Natural Alternatives to Name-Brand Deodorants and Antiperspirants
Let’s ditch the idea that antiperspirants have any positive benefits to your health. Bottom line, when you use antiperspirants, you are slathering on a slew of unnatural chemicals and toxins for the purpose of preventing the release of the toxins inside your body. It’s counterproductive to your health.
But what should you do about your sweat – especially if you sweat a lot or have a strong body odor? Deodorants aren’t bad for you if you use the right kind.
PiperWai makes a deodorant that is free of parabens, aluminum and synthetic fragrances. Schmidt’s natural deodorant fights odors with a coconut-pineapple smell. Plus, it’s designed for sensitive skin.
Finally, it’s easier than you think to make your own deodorant using commonly found items, some which may already be in your house – such as coconut oil, baking soda, corn starch, apple cider vinegar, pink Himalayan salt, and more.
It’s Possible to Detoxify AND Deodorize
Emerging research on conventional antiperspirants and deodorants – like so many health care products – shows that they are doing more harm than good to your body. What we know already is bad enough. What we find out tomorrow could be worse!
But there are dozens of ways to stop the stink without interfering with your body’s natural and necessary detoxification process or adding more toxins to your body.
You can do it with the ready-to-buy alternatives we mentioned before, or a quick Google search for “natural DIY deodorants” will turn up a number of simple, easy-to-follow recipes for you to make your own at home.

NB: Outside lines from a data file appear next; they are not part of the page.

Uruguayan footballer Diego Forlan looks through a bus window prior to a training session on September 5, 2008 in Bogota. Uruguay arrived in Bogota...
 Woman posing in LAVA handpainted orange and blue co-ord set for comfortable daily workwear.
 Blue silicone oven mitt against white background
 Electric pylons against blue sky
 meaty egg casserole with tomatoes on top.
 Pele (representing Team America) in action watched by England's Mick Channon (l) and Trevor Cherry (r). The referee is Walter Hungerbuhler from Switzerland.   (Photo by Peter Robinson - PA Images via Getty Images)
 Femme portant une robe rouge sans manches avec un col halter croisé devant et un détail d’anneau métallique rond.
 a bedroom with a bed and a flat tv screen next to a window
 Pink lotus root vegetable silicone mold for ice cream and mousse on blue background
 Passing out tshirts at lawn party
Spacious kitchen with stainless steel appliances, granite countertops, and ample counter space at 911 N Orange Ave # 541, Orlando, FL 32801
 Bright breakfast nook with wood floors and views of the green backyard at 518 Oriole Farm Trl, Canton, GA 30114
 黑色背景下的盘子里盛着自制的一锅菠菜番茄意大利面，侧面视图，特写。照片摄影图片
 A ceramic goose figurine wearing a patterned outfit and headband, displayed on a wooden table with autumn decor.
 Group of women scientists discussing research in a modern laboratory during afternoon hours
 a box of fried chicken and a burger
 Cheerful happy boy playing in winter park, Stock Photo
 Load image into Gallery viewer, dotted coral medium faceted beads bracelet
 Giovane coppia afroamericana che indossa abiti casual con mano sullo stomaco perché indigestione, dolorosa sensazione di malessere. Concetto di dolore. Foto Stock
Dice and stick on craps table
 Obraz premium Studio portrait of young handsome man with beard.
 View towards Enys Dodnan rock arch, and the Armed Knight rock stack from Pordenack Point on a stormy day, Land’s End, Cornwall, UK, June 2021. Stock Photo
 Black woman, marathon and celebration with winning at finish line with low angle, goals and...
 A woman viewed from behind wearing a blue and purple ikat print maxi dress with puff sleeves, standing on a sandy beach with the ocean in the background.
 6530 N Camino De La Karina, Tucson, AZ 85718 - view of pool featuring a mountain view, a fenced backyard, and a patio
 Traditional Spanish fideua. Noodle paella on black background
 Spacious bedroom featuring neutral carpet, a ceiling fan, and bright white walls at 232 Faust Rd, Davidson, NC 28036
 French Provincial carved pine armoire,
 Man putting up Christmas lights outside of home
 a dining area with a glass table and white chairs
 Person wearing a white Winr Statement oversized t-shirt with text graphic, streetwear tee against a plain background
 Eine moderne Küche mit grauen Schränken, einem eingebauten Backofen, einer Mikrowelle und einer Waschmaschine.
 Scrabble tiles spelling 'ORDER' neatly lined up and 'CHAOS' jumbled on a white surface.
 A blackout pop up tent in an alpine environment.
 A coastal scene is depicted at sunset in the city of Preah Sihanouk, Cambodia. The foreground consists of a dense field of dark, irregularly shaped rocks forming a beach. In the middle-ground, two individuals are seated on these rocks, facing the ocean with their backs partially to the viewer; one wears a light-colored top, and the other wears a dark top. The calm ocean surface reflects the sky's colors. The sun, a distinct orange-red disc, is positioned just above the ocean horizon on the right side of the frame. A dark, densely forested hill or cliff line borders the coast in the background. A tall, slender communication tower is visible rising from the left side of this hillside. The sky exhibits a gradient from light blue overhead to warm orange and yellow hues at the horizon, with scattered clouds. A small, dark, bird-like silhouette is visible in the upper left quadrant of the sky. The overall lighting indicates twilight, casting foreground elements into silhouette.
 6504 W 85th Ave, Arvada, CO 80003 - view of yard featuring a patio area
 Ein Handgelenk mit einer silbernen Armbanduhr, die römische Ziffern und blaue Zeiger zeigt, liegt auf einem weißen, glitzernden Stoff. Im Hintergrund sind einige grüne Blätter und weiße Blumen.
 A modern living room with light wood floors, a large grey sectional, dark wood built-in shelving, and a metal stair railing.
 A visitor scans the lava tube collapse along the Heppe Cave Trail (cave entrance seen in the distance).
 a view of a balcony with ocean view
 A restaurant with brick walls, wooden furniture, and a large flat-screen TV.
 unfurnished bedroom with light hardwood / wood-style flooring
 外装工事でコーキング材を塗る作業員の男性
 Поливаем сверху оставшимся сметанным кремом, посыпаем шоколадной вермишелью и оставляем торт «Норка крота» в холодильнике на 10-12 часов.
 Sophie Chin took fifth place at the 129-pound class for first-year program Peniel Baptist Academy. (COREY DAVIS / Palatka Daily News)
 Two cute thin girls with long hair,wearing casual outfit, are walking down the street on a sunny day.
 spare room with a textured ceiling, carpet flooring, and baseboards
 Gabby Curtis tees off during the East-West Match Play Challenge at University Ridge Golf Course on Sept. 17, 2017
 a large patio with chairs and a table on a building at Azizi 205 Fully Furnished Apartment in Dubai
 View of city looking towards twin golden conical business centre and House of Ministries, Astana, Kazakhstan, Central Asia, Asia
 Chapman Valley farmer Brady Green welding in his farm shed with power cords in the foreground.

Either course of action will help you feel fresh and chemical-free—the way defeating body odor should be.
Take good care.
- Havlicek, J. & Lenochova, P. “The Effect of Meat Consumption on Body Odor Attractiveness.” Chemical Senses. Published Octobor 2006.
- McGrath, KG. “An earlier age of breast cancer diagnosis related to more frequent use of antiperspirants/deodorants and underarm shaving.” European Journal of Cancer Prevention. Published December 2003.
- Leonard, J. “11 Scary Reasons to Stop Using Store Bought Deodorant & What To Use Instead.” Natural Living Ideas. Published Jan. 11, 2016.
- Steckelberg M.D., J. “Should I avoid products that contain triclosan?” Mayo Clinic. Published March 9, 2016.
- Borreli, L. “You Are What You Eat: 6 Smelly Foods That Are Actually Giving You Bad Body Odor.” Medical Daily. Published Aug. 16, 2014.
Disclaimer: Please note the date of last review or update on all articles. No content on this site, regardless of date, should ever be used as a substitute for direct medical advice from your doctor or other qualified clinician.